[Johannes Snoupsius of Snoep]
SNOUPSIUS of SNOEP (Johannes), een Zeeuw van afkomst, werd den 23 April 1661 te Middelburg proponent bij de Hervormde kerk, den 5 Mei daaraanvolgenden door Esaias Clement, onder oplegging der handen, in den dienst bevestigd. Onmiddelijk hierop vertrok hij naar de vloot onder de Ruyter en ging met deze in zee. Hoe hij daar werkzaam was, bepaaldelijk op het schip Vlissingen, onder den commandeur Cornelis Evertsen, deelde hij aan de klasse van Walcheren mede in een latijnschen brief. Den 29 September 1662, tijdens hij voor Gibraltar lag, zond Snoupsius andermaal een geschriit aan dezelfde klasse. Reeds vroeg in het voorjaar van 1663 bevond hij zich weder in Zeeland en was den 2 April te Middelburg op de vergadering der klasse van Walcheren tegenwoordig, waar hij nu mondeling verslag deed van zijn dienst op de vloot en van al het merkwaardige dat op de reis was voorgevallen. Den 21 October van dit jaar werd hij predikant te Arnemuiden, waar hij den 31 December 1667 overleed. Hij liet bij zijne vrouw Adriana Evertsen één zoon, Johannes genoemd, na.

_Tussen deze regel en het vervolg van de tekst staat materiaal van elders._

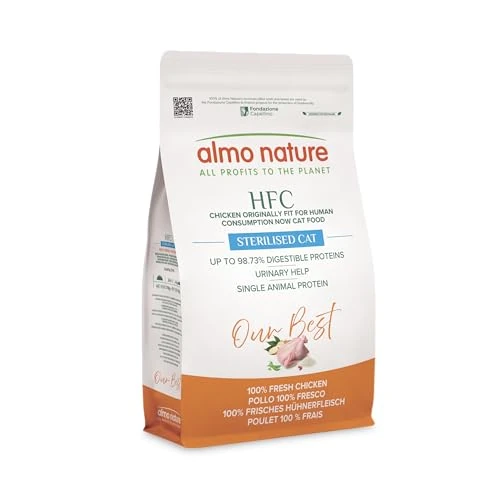 Almo Nature HFC Our Best Sterilised - Dry Food for Adult Cats - Fresh Chicken, Monoprotein - Human Grade, Gluten Free, for Weight Control - 1.2kg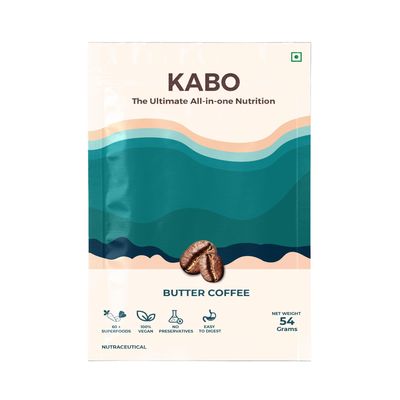 KABO Vegan Plant Protein Shake for Men & Women, Butter Coffee Flavour | 23g Plant Protein, 60+ Superfoods, 26 Vitamins & Minerals | Healthy Meal Replacement Drink | 10 Pack (540g)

De beide door hem geschreven brieven zijn tot eene bijdrage tot de kennis van den zedelijken en godsdienstigen toestand van de bemanning dier vloot, alsmede van de wijze, waarop in de geestelijke behoeften van het scheepsvolk voorzien werd, uitgegeven door Ds. J. Borsius, in het Kerkhistorisch Archief van Kist en Moll, D. I. bl. 347 volgg.